Write out exactly the lines from the one containing "Blue Contrast Vibrant" through the last line of the records below, both included, and leave out any pictures.
*** Source data ***
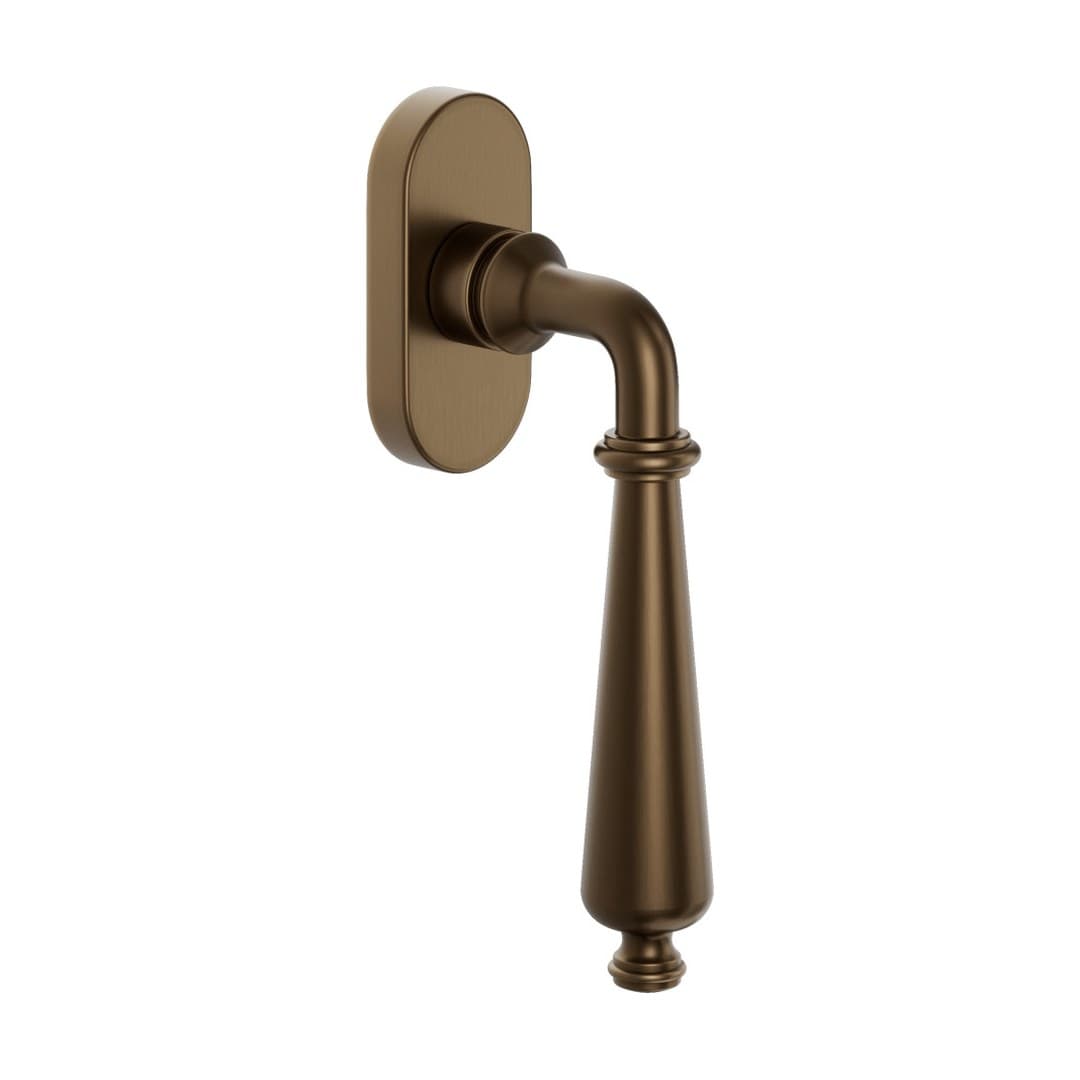 DnD Giorgia – Πόμολο Παραθύρου – DK VIS Ovale – Matt sandblasted bronze (22V-BSO)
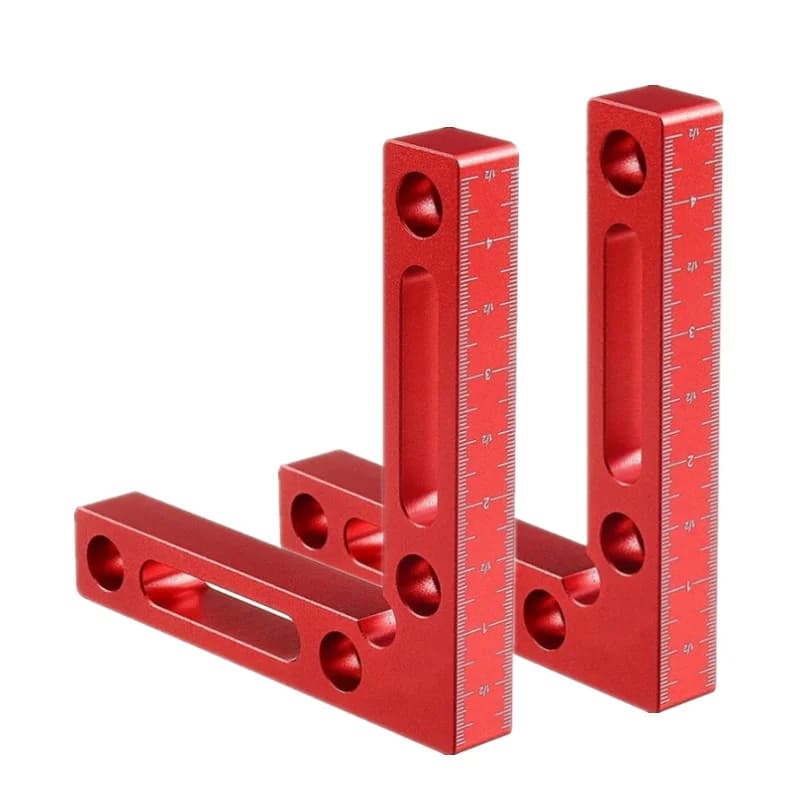 2 kos aluminijastih kotnih sponk za pozicioniranje pod 90 stopinj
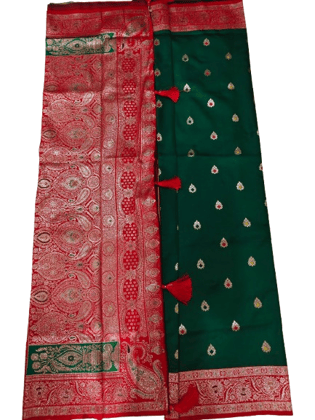 Vibrant Hot Pink Art Silk Saree with Zari Weave & Teal Blue Contrast Vibrant Hot Pink Art Silk Saree with Zari Weave & Teal Blue Contrast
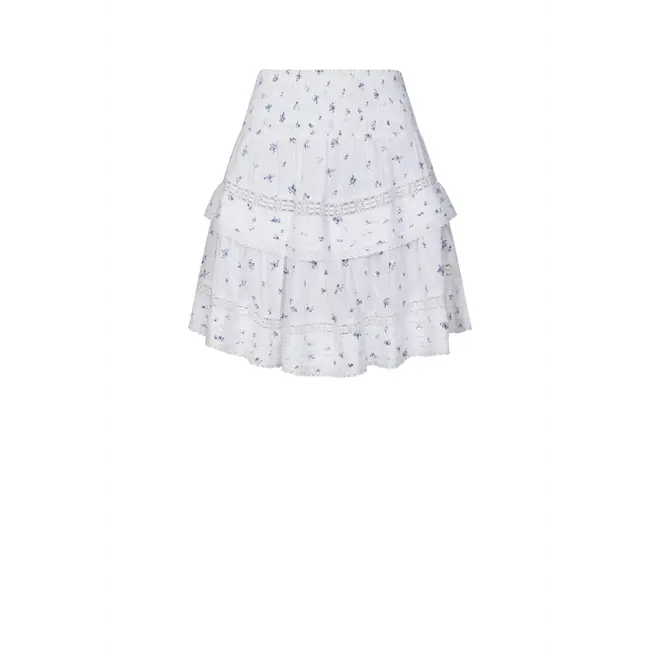 Kenia Flower Dobby Skirt - Blue Flower
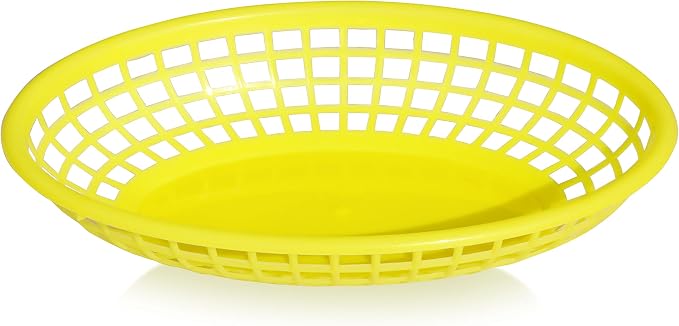 New Star Foodservice 44188 Fast Food Baskets, 9.25 x 6 inch Oval - Image 3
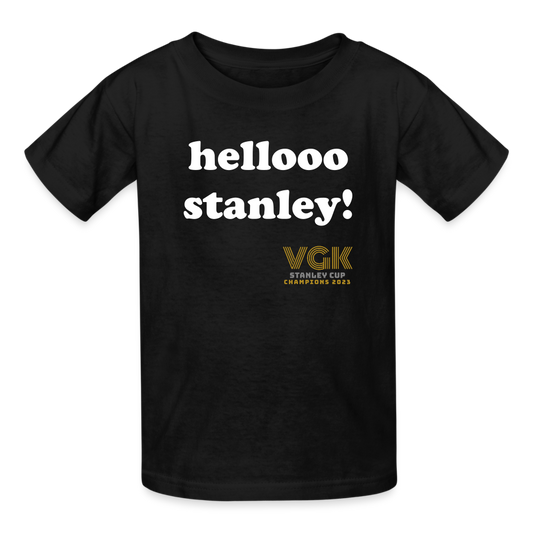 Hellooo Stanley! Hanes Youth Tagless T-Shirt - black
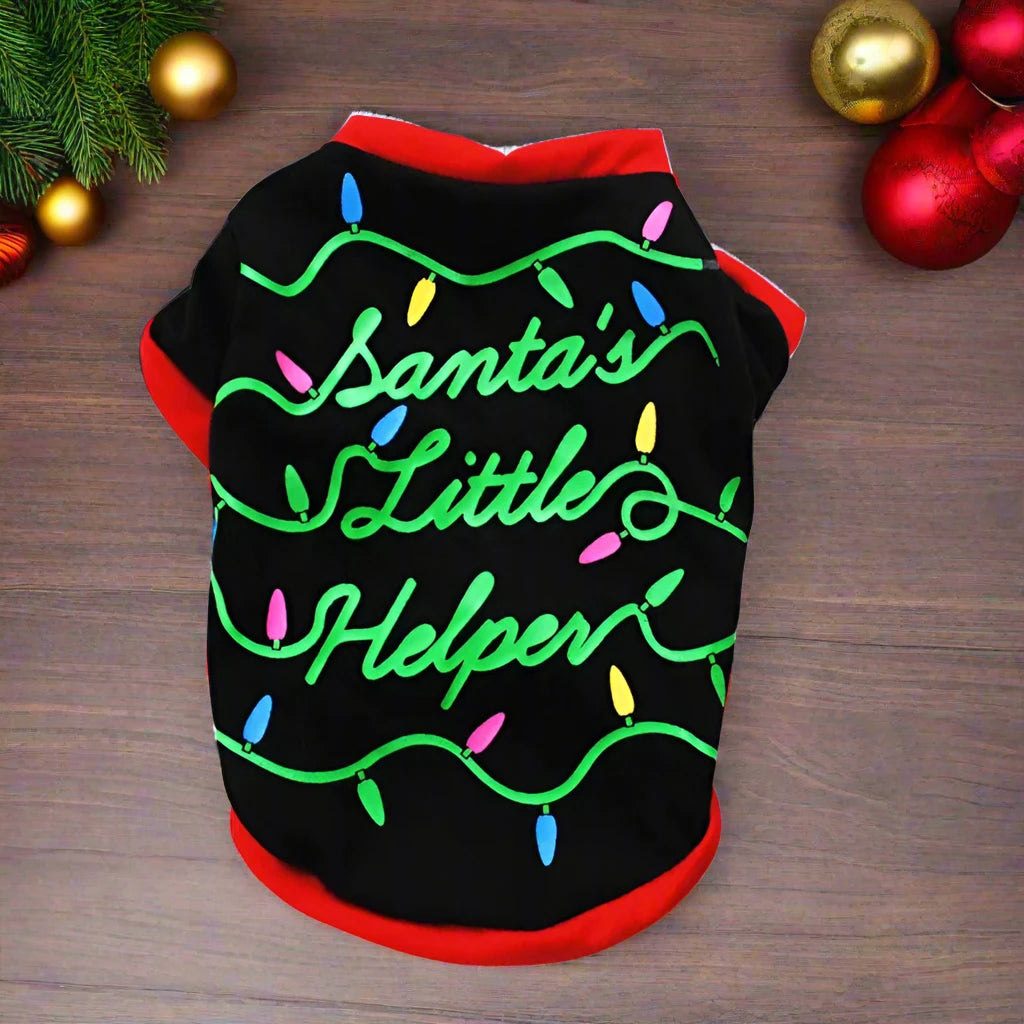 Festive Holiday Pet Christmas Sweater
*** End of Source data ***
= Output of the exercise =
 Vibrant Hot Pink Art Silk Saree with Zari Weave & Teal Blue Contrast Vibrant Hot Pink Art Silk Saree with Zari Weave & Teal Blue Contrast
 Kenia Flower Dobby Skirt - Blue Flower
 New Star Foodservice 44188 Fast Food Baskets, 9.25 x 6 inch Oval - Image 3
 Hellooo Stanley! Hanes Youth Tagless T-Shirt - black
 Festive Holiday Pet Christmas Sweater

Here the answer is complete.